[[ Data extracts, beginning ]]

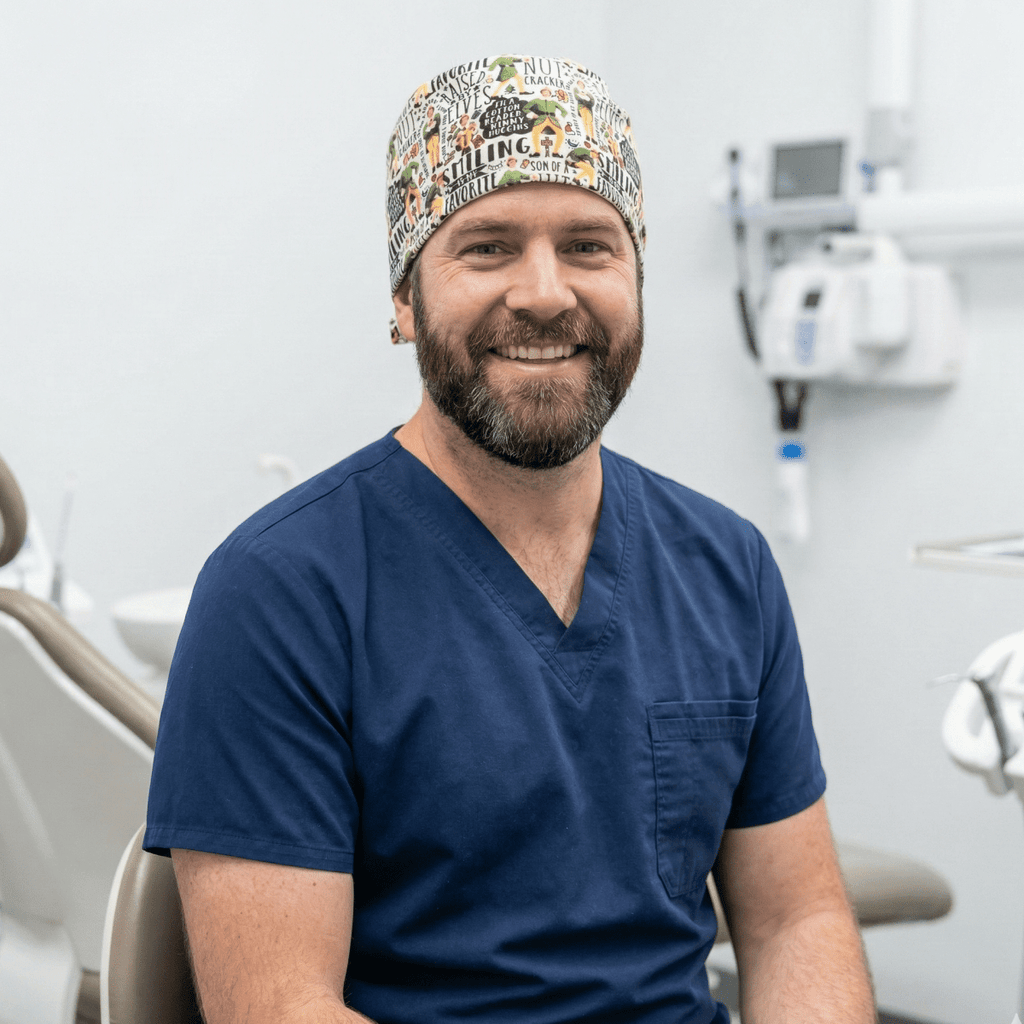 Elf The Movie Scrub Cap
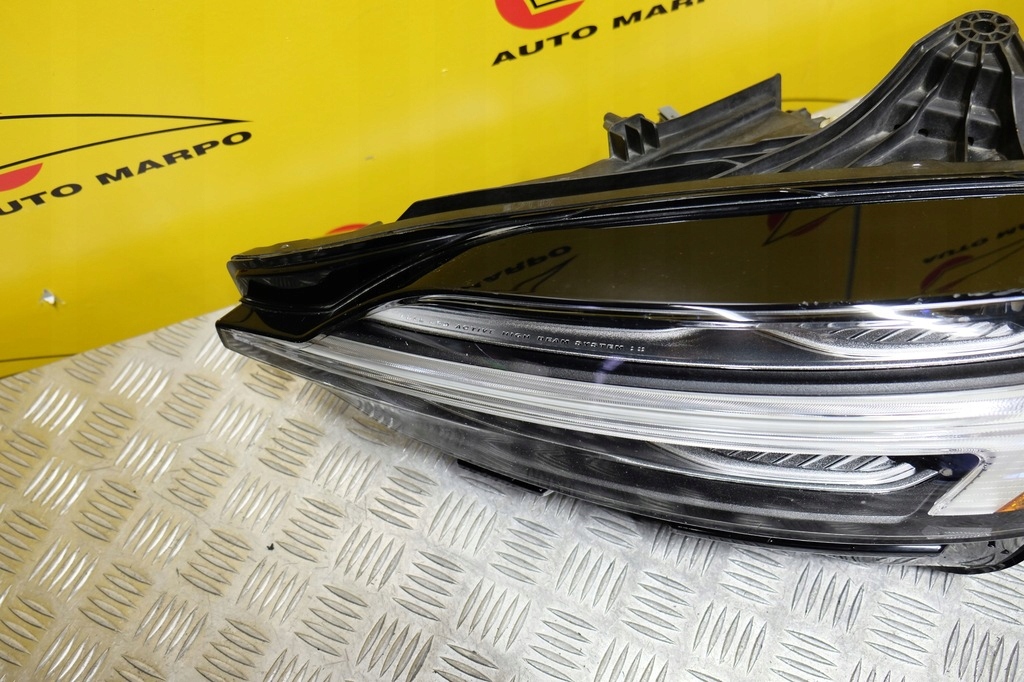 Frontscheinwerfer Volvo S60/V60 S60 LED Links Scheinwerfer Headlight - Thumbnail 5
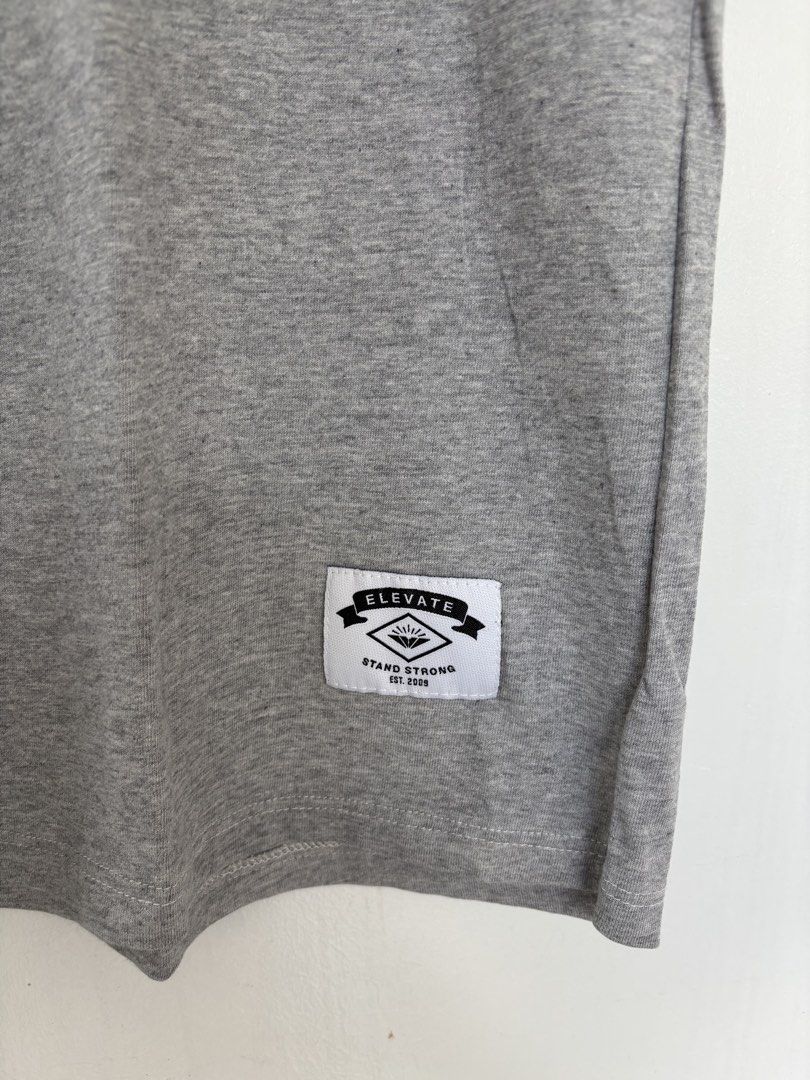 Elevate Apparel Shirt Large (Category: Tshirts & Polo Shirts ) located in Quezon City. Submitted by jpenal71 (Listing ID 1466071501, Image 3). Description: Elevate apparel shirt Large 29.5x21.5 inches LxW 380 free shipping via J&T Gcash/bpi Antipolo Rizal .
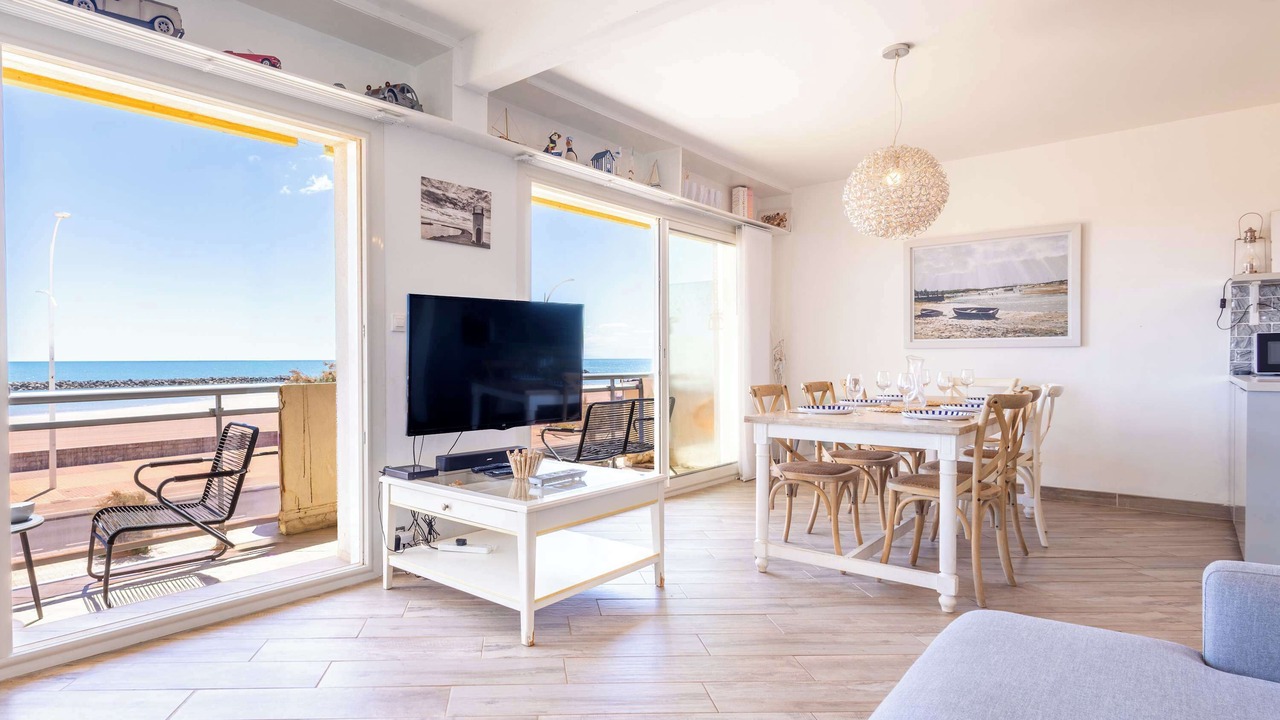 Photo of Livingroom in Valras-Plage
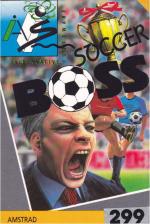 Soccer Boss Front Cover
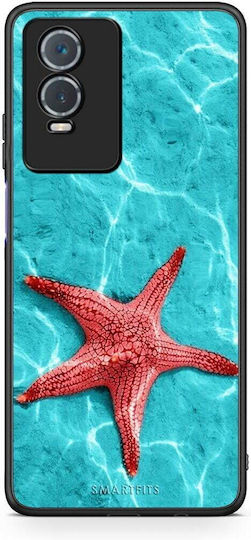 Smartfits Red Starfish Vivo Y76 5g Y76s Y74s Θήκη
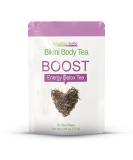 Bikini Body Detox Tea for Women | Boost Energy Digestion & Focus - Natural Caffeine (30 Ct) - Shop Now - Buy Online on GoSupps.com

[[ Data extracts, end ]]
[[ Data extracts, beginning ]]

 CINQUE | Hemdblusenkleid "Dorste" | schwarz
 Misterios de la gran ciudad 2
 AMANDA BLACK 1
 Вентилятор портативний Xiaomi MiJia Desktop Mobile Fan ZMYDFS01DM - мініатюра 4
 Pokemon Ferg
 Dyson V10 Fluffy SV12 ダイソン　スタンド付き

[[ Data extracts, end ]]
[[ Data extracts, beginning ]]

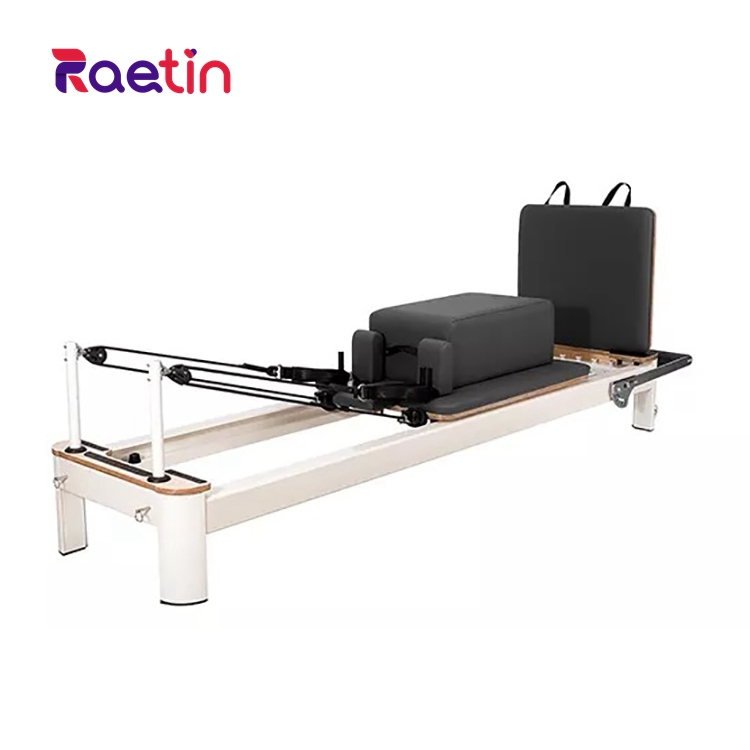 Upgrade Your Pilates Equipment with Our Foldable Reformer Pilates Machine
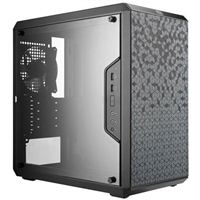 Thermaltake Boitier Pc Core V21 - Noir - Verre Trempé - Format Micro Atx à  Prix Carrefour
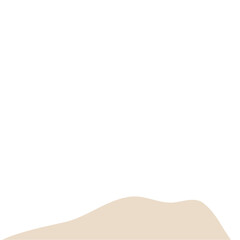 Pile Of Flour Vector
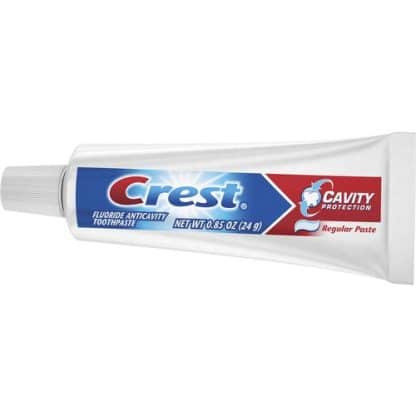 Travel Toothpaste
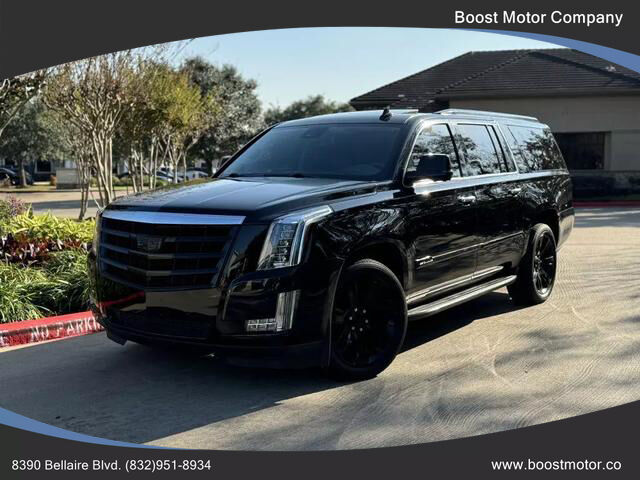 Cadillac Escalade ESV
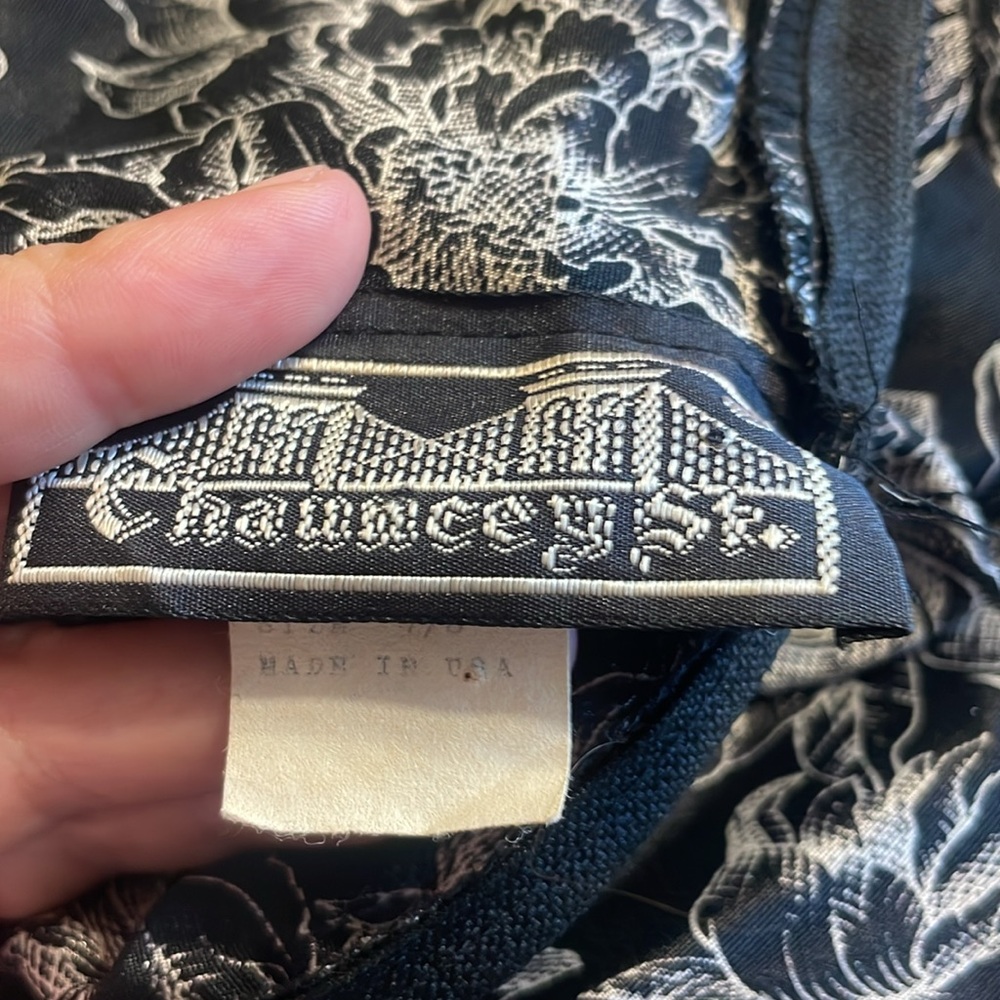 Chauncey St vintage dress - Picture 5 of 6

[[ Data extracts, end ]]

Activity = Both end lines included, restate word for word the lines above from the line with "Вентилятор портативний Xiaomi" to the line with "Dyson V10 Fluffy SV12 ダイソン　スタンド付き", and nothing else.

Reply =
 Вентилятор портативний Xiaomi MiJia Desktop Mobile Fan ZMYDFS01DM - мініатюра 4
 Pokemon Ferg
 Dyson V10 Fluffy SV12 ダイソン　スタンド付き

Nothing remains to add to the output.